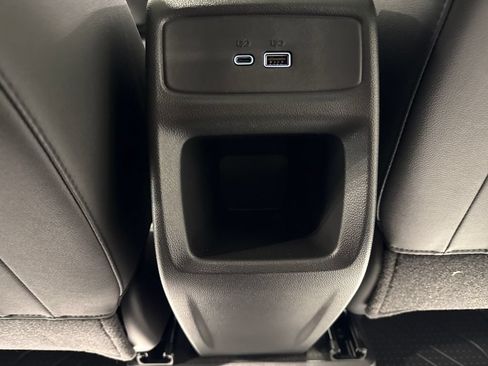 New 2026 Chevrolet Trax LT w/ Sunroof Package FWD image 40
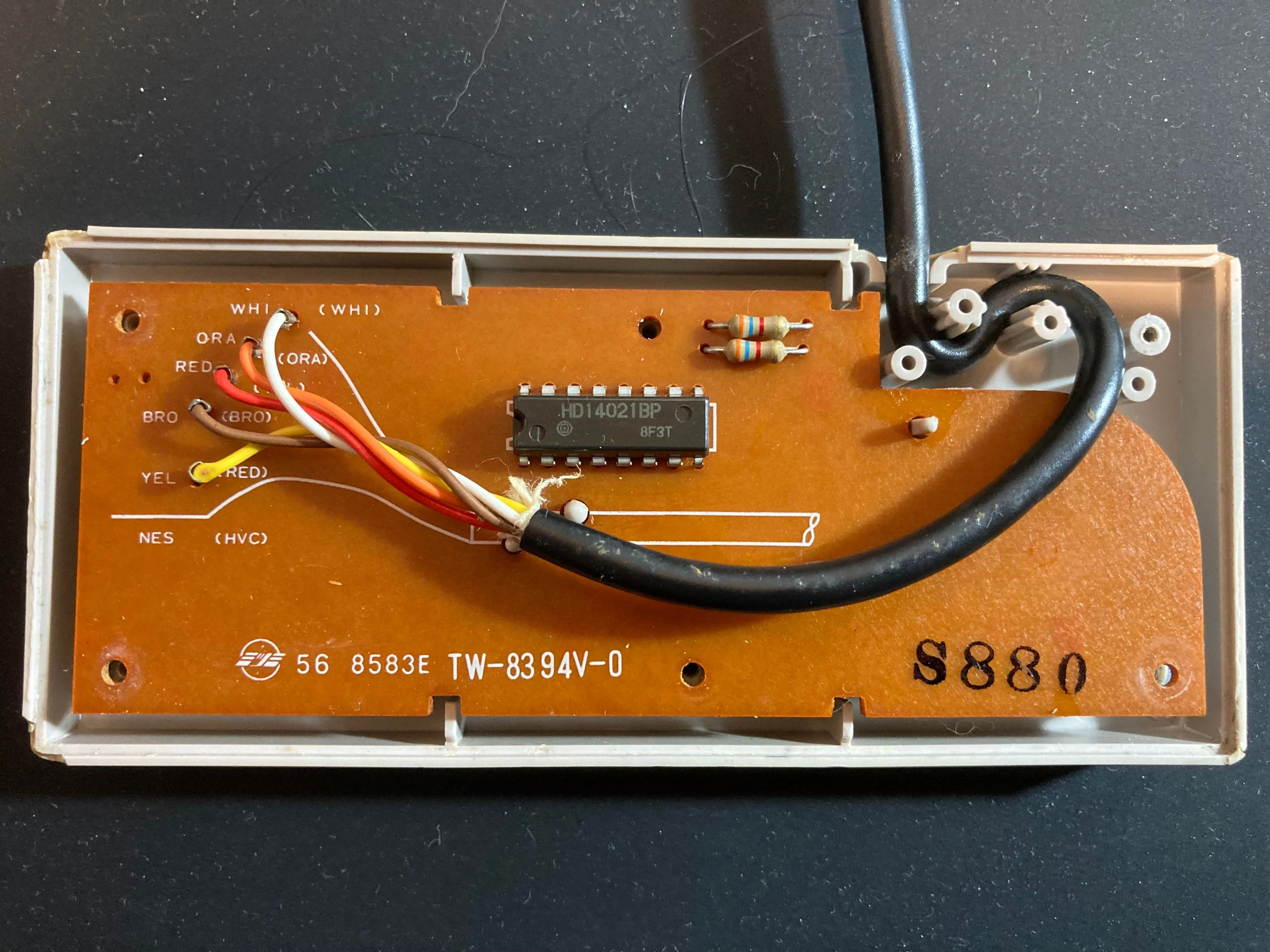 Bảng mạch in (PCB) phía sau của tay cầm NES, cho thấy sự đơn giản và hiệu quả trong bố cục các đường mạch đồng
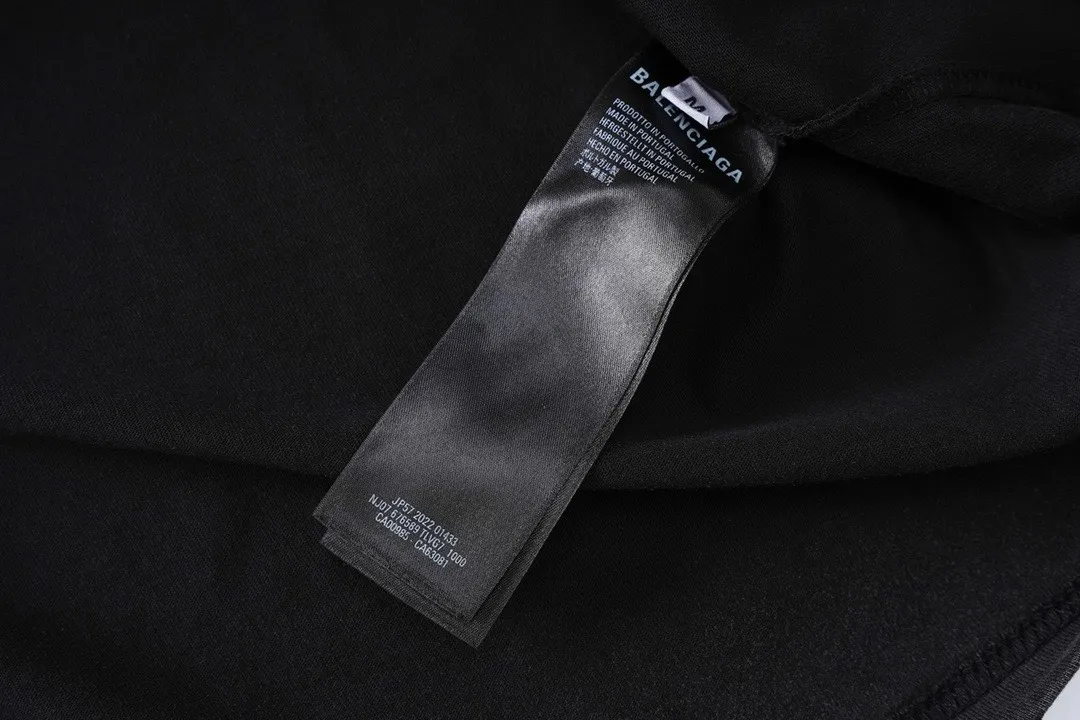 🅿️270 - BALENCI*GA 24s Paris Rammstein band co-branded long-sleeve. The fabric is made of Paris ZP custom-woven and dyed double-yarn pure cotton fabric 280g. The threads are custom-woven and dyed without color difference. The classic LOGO pattern on the front and back is made of Kornit direct-injection. Letter pull cracking process. Ready-to-wear wash. Two high-temperature styling washes. Os dropped shoulder loose version, same style for men and women! ! -Color: washed black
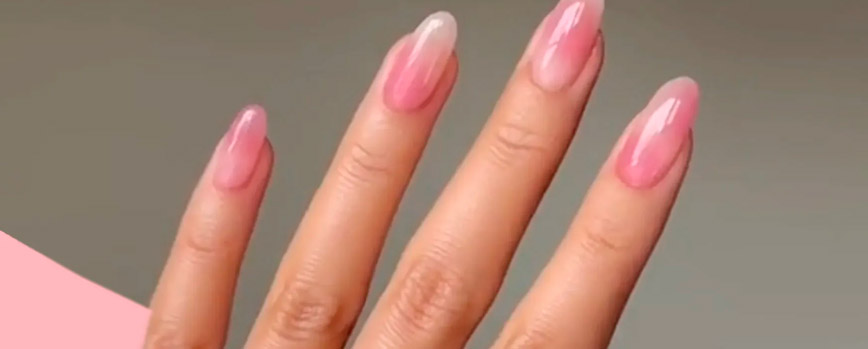 Blush Pink Nails a lo Hailey Bieber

┄┄┄┄┄┄

WHAT IS BEING ASKED
Give back the material above exactly, with each picture removed.

RESPONSE BOX
 New 2026 Chevrolet Trax LT w/ Sunroof Package FWD image 40
 Bảng mạch in (PCB) phía sau của tay cầm NES, cho thấy sự đơn giản và hiệu quả trong bố cục các đường mạch đồng
 🅿️270 - BALENCI*GA 24s Paris Rammstein band co-branded long-sleeve. The fabric is made of Paris ZP custom-woven and dyed double-yarn pure cotton fabric 280g. The threads are custom-woven and dyed without color difference. The classic LOGO pattern on the front and back is made of Kornit direct-injection. Letter pull cracking process. Ready-to-wear wash. Two high-temperature styling washes. Os dropped shoulder loose version, same style for men and women! ! -Color: washed black
 Blush Pink Nails a lo Hailey Bieber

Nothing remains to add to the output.